The mentioned discoveries may agree with migration-based cosmogonic models that might explain the transportation of these objects to the Oort cloud region from the inner Solar System due to the inward and subsequent outward, gas-driven migration of Jupiter (Walsh et al. 2011; Raymond & Morbidelli 2014). Nevertheless, there are other mechanisms that can explain the origin of small (~centimeter-sized) rocky meteoroids, for example from cometary surfaces reprocessed by cosmic rays (Borovička et al. 2005), from the primordial material heated by the young Sun high above and below the protoplanetary disk plane (Jenniskens et al. 2024a), or material compacting during collisional evolution (Jenniskens et al. 2024a). However, the presence of decimeter-sized samples of rocky material in the Oort cloud is much harder to explain without involving Jupiter’s migration (Vida et al. 2023). The first observation of such a meteoroid occurred in 2021 near Edmonton, Alberta, Canada (Vida et al. 2023). The parent meteoroid of the Alberta fireball entered the Earth’s atmosphere with the initial velocity of 62.1 km/s and penetrated to an end height of 46.5 km, or 40 km deeper than cometary objects of similar mass (~2 kg) and velocity. The strong ordinary chondrite-like structure was confirmed by its high bulk density, high dynamic pressures of fragmentation, and by comparing it with simulated fragile cometary objects with similar physical and orbital parameters. Peña-Asensio et al. (2024) found the second similar case designated FH1 (~187 g) during their search of interstellar hyperbolic meteors in the Finnish Fireball Network database. Vida et al. (2023) claimed that there is no known physical process that can transform soft cometary material of such large objects into strong refractory material.

Inspired by the detection of the Alberta fireball, Vida et al. (2023) came up with a new approach to constrain the ratio of icy and rocky components of the Oort cloud using meteor observations. Their idea was to estimate the total flux of refractory meteoroids coming from HTC/LPC orbits (representing the rocky component of the Oort cloud) and compare it with the flux of volatile-rich meteoroids from the same orbits. For their purposes, the authors used the data from the MORP clear-sky survey and from the Global Fireball Observatory (Halliday et al. 1996; Devillepoix et al. 2020). They found 31 cases on cometary orbits with masses larger than 10 g and velocities higher than 50 km/s, among which only two objects were rocky (the Alberta fireball and MORP #441 parent meteoroids). Their estimates showed that ${6.0}_{-5.2}^{+12.8}\%$ of the population of the Oort cloud objects in the chosen mass limit should be rocky (see Table 4). The authors claim that their estimations agree with the predictions of Shannon et al. (2019) for the Grand Tack model and that this model is the only one among the existing modern cosmogonic models that can explain such high percentages. Given the small number of objects used in the aforementioned calculations, more observational data are needed to support or refute these estimates.

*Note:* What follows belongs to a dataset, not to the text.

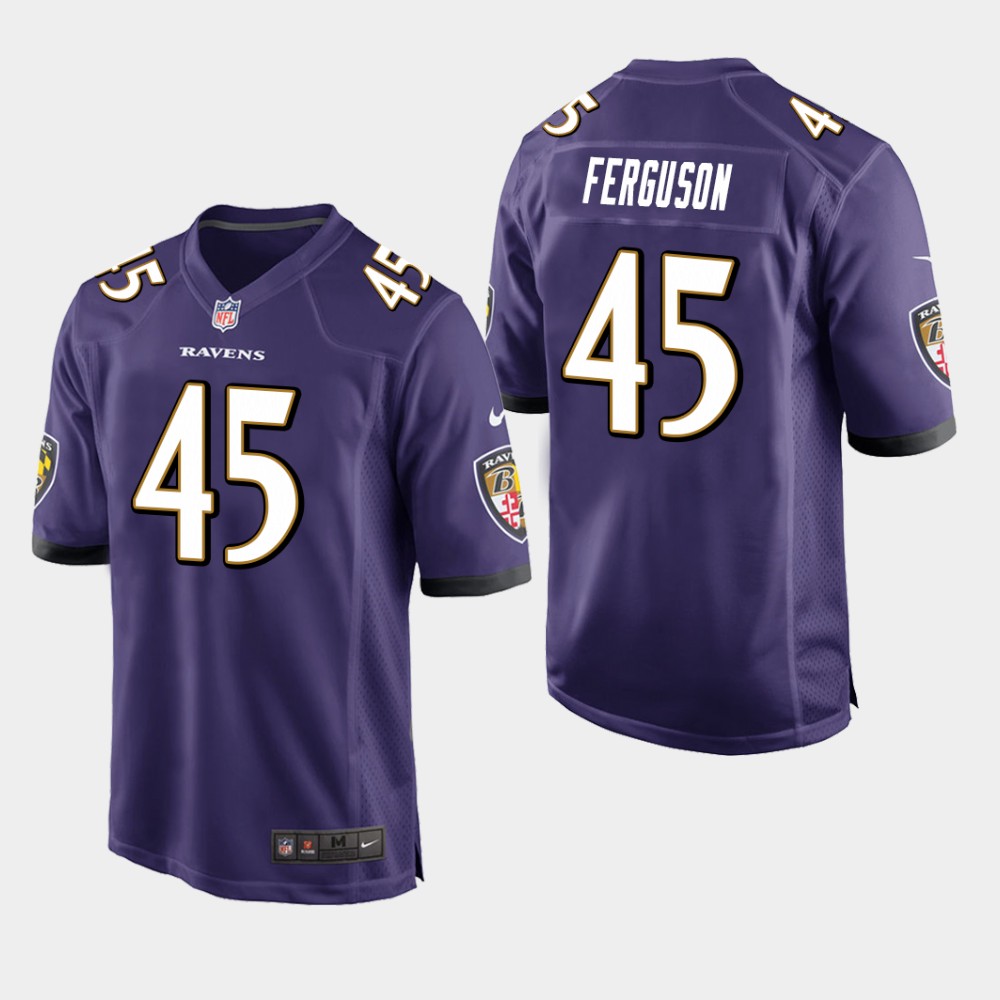 Men's Baltimore Ravens #45 Jaylon Ferguson Purple NFL Jersey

In this work, we used a method recently introduced by Vida et al. (2023) and Jenniskens et al. (2024a) whereby meteor observations are employed to distinguish among the existing cosmogonic models under the assumption that physical properties of meteoroids reflect the conditions during the early stages of Solar-System evolution. This paper is organized as follows. In Sect. 2.1, we introduce the AMOS system via which the data used in our work were collected. In Sect. 2.2, we describe the dataset and our selection criteria, including material and orbital classifications of small Solar-System bodies, used to search for dense rocky meteoroids on cometary orbits in our databases. Section 2.3 is dedicated to the meteor-flux-estimation procedures. In Sect. 3.1, we provide the results of our search. Our estimates of asteroidal/cometary fluxes and ice-to-rock ratio in the Oort cloud together with discussion on the implications for Solar-System cosmogony are provided in Sect. 3.2. Section 4 provides discussion of the results and confrontation with cosmogonic models from the literature, and Sect. 5 concludes our findings and outlines future work.

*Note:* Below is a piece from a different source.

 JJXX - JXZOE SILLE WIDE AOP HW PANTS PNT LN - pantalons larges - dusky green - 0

Fig. 1 Geographical locations of cameras of AMOS Global Meteor Network. Stations used in this work are indicated with green circles.

2 Methodology

2.1 The All-Sky Meteor Orbit System

In our work, we investigated the data collected by cameras of the All-Sky Meteor Orbit System (AMOS). AMOS is a project developed at Comenius University in Bratislava, Slovakia and led by Dr. Juraj Tóth (Tóth et al. 2011, 2015, 2019; Zigo et al. 2013). It began as a part of the Slovak Video Meteor Network with the first prototype developed in 2007 at the Astronomical and Geophysical Observatory in Modra, Slovakia. Since then, it has spread across Slovakia and the rest of the world, forming the AMOS Global Meteor Network (Fig. 1), which currently (June 2025) consists of 17 standard AMOS cameras and 17 AMOS-Spec-HR spectral systems (Matlovič et al. 2020). AMOS is an autonomous, intensified video system for the detection of transient sky events, developed mainly for the purpose of observing meteors. The basic optical components of the AMOS system include an all-sky fisheye lens, image intensifier, projecting lens, and a digital CCD video camera (Zigo et al. 2013). The remotely operated camera is hidden in an opening weatherproof enclosure that is connected to a computer with its own software, access to the Internet, and sensors of external meteorological parameters. The field of view of the camera is 180°x140° with a resolution of 1600x1200 px (6.8 arcmin/px) and 20 FPS recording (or 1280x960 px and 15 FPS for older stations in Slovakia). The limiting magnitude is +5.5^m for stars and +4^m for moving objects. Each location has at least two cameras situated 80 to 150 km from each other. In addition to the observation cameras, there are slitless spectroscopic cameras (AMOS-Spec-HR) with a resolution of 2048x1536 px, spectral resolution of 0.5 nm/px, 20 FPS recording, field of view of 60° × 45°, and a limiting magnitude of +3^m for meteors and −1.5^m for spectral events (Matlovič et al. 2019, 2020).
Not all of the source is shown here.